▶ _EXERCISE OBJECTIVE_
With the pictures removed, please write out every line below exactly as given.
*** Opening of SOURCE MATERIAL ***
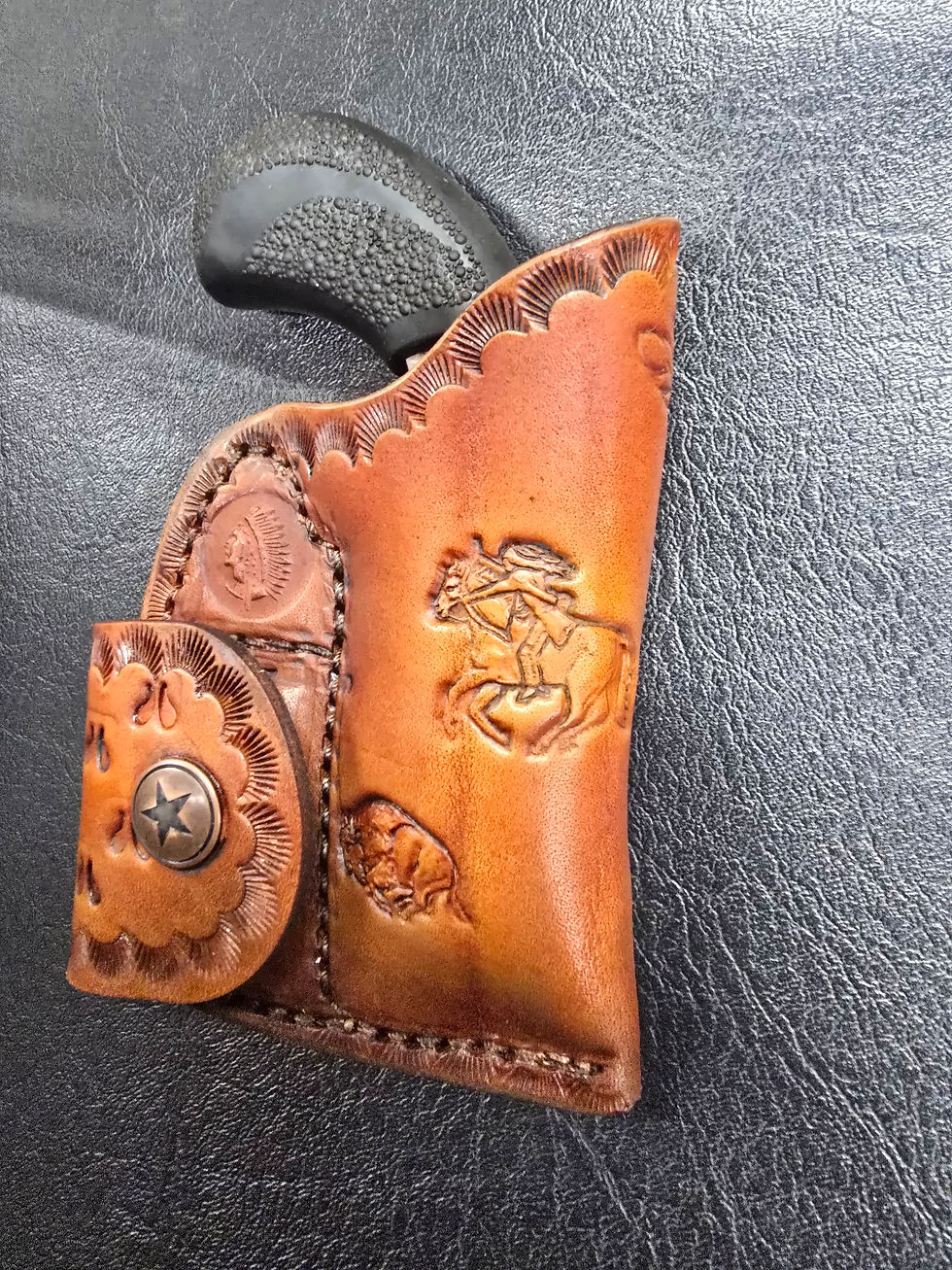 Thumbnail: Pug  Native American holster I did on youtube.  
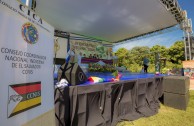 Indigenous people of Central America gather during the 3rd International Encounter of the Children of Mother Earth 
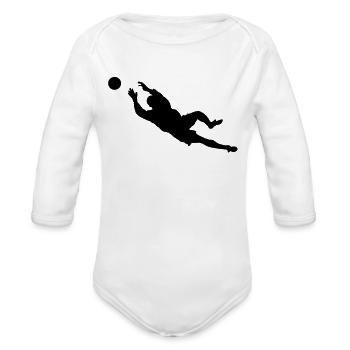 Goalkeeper - Organic Long Sleeve Baby Bodysuit - white - Front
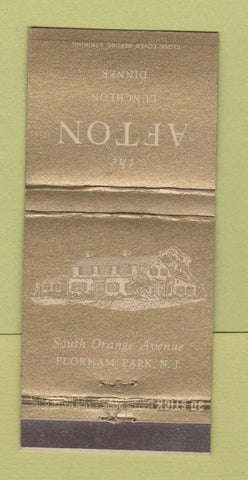 Matchbook Cover - Afton Restaurant Florham Park NJ 30 Stick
*** Close of SOURCE MATERIAL ***
▶ _RESPONSE AREA_
 Thumbnail: Pug  Native American holster I did on youtube.  
 Indigenous people of Central America gather during the 3rd International Encounter of the Children of Mother Earth 
 Goalkeeper - Organic Long Sleeve Baby Bodysuit - white - Front
 Matchbook Cover - Afton Restaurant Florham Park NJ 30 Stick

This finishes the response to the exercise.